Шестидесятники - это не партия, не союз, не общественная организация, не движение и не то или другое сообщество людей. Это определение поколения, в котором родился и существует человек, помимо его выбора. Стать или не стать шестидесятницей или шестидесятником невозможно. Каждый самим фактом своего рождения в то или иное время, сознательно или бессознательно, становится представителем определённого поколения с его красками, основными качествами, присущими воплощению людей именно этого поколения. Хотя, может быть, есть и выбор, но тогда где-то там, наверху, ещё до рождения, до воплощения на Земле.

Но вдруг положила руку на том «Рембрандта» и произнесла, вступив все-таки в диалог о своем поколении:

- Хотя, если подумать, оттепель – то же Возрождение.

4.

Попробую описать наши встречи. Заранее прошу простить субъективность интерпретаций, если кто-то из почитателей Натэлы найдёт в них совсем не то, что ожидает. Мне не дано говорить о жизни Натэлы в её протяженности. Мои представления складывались в результате нескольких встреч, главным образом, в результате поездки в Египет, которая длилась две недели. У меня, по-видимому, своя Натэла.

Обычная поездка, такая же доступная, как давние на отдых в Крым или на другие курорты страны. Но в нашей было, решусь сказать, что-то такое, что выразить не так-то просто.

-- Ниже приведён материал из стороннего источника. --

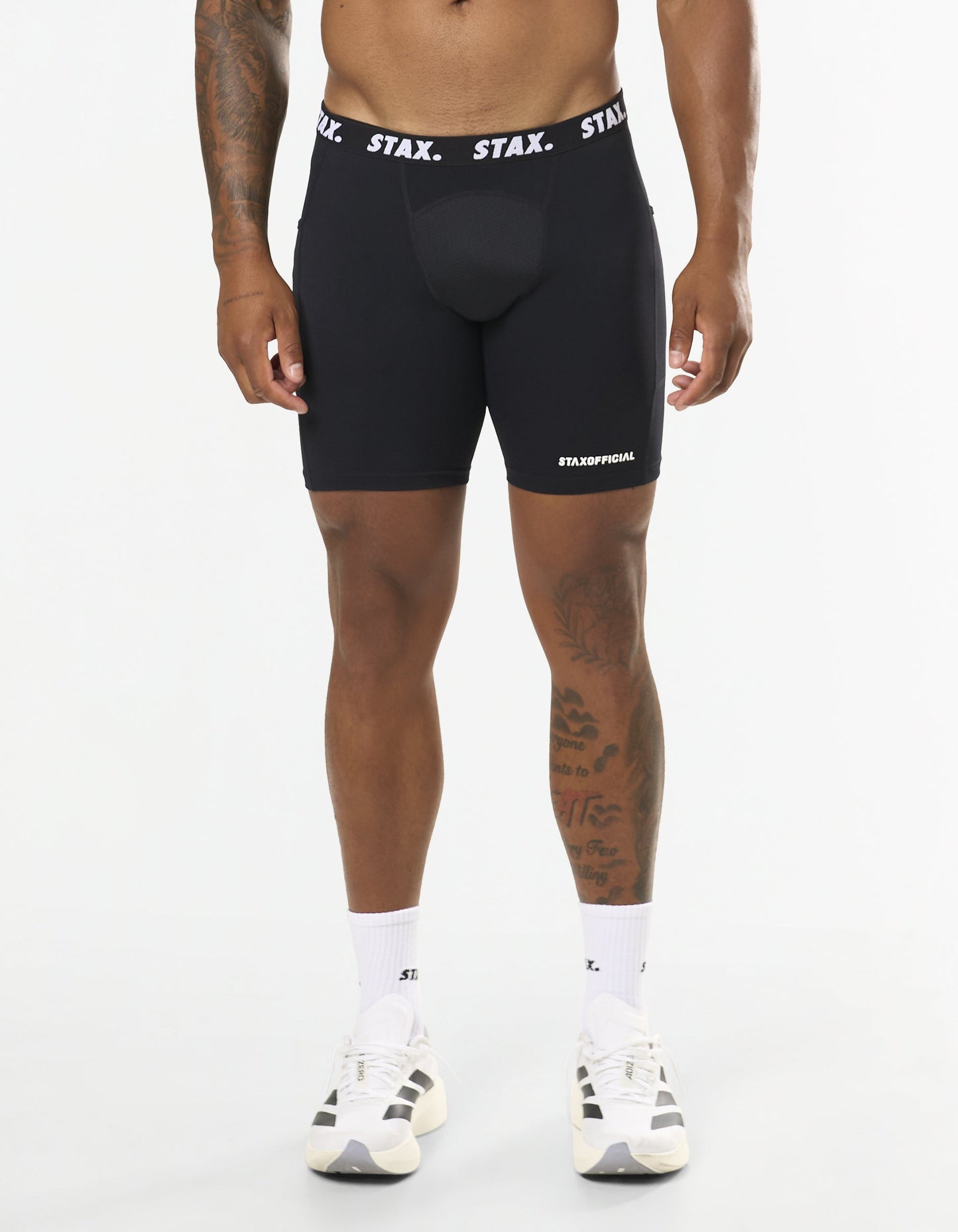 Mens Compressive Phone Pocket Bike Shorts - Black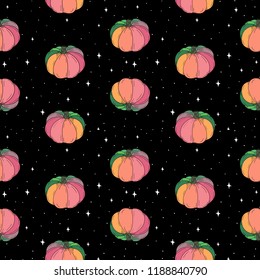 Hand Drawn rainbow pumpkin in space doodle pattern. Illustrations Drawing Vector Sketch for textile, print, postcard, text, invitation, poster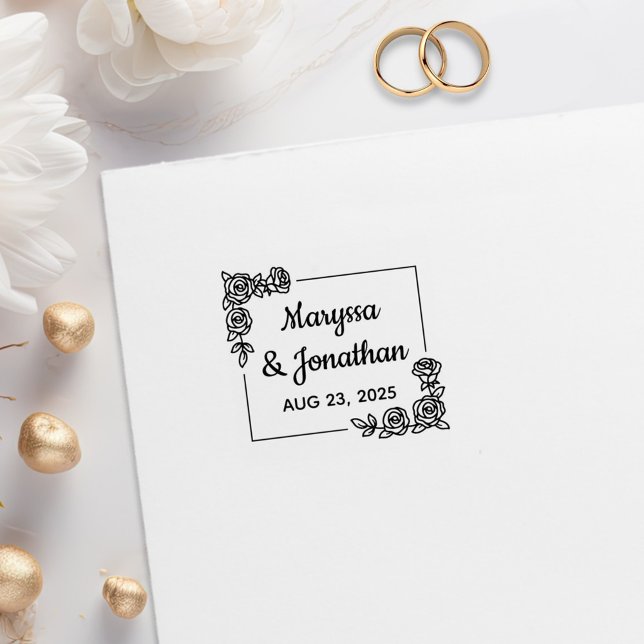 Tampons Encreurs Fleurs Roses de coin Anniversaire Mariage 1x1 (Créateur téléchargé)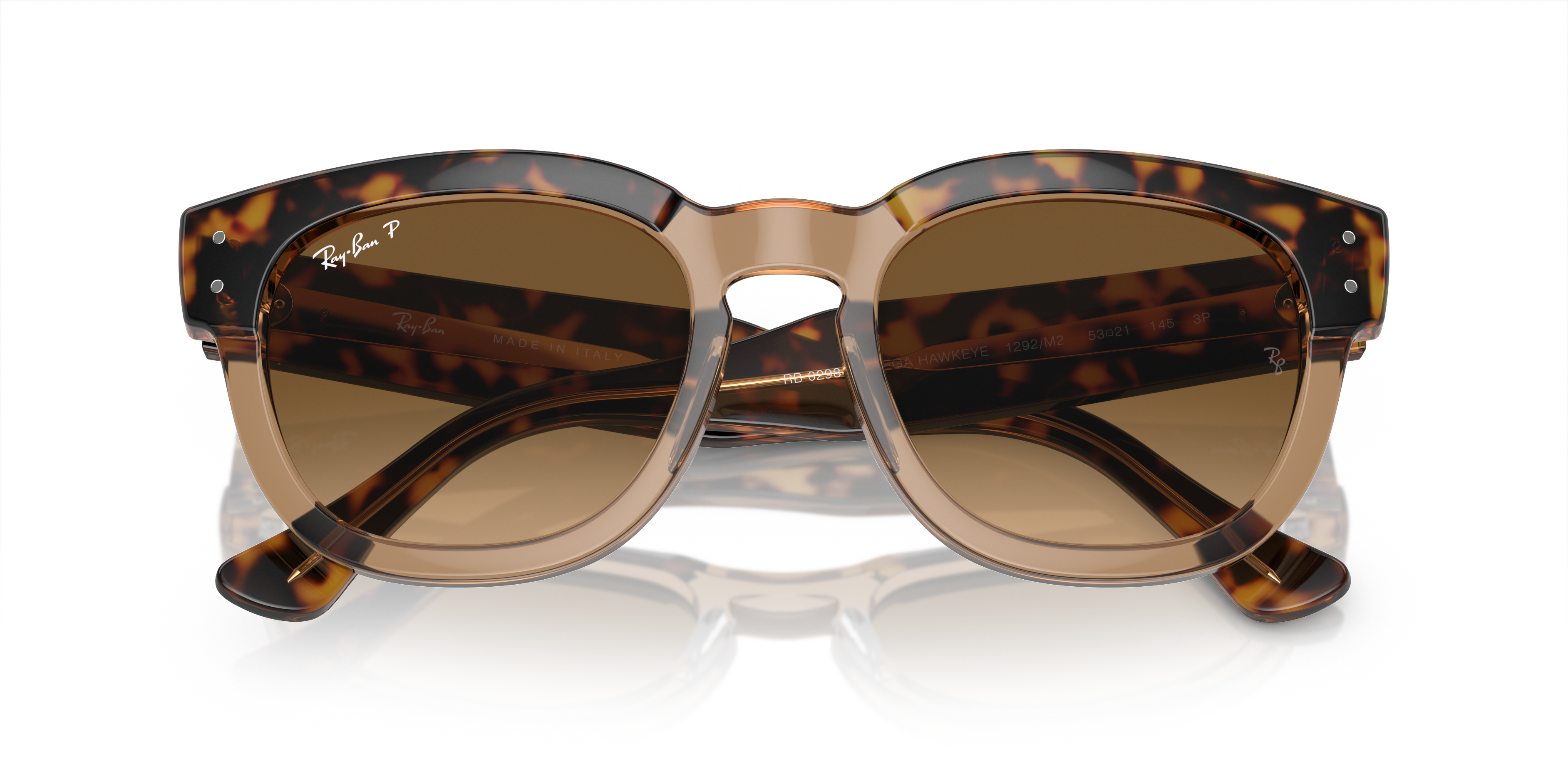 RAY-BAN RB 0298S MEGA HAWKEYE 1292M2 HAVANA ON TRANSPARENT BROWN | UNISEX SUNGLASSES 
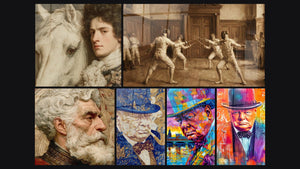 Mosaic of six paintings, including Nobleman on White Horse Majesty, Classic Fencing and Master Timeless Portrait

Почему я отправилась в Египет без диктофона? Ведь обычно не расстаюсь с ним никогда. Будто знала, что все дни той поездки будут покрыты молчанием, прерываемым редкими немногословными фразами.

5.

Начну с того, что правда о мрачных временах сталинизма и, прежде всего, о безумиях репрессий на протяжении полувека, преданная гласности Двадцатым съездом партии, всколыхнула мир. То было первое свидетельство самого государства о кризисе идей коммунизма, о рабстве и насилии, на которых оно осуществлялось.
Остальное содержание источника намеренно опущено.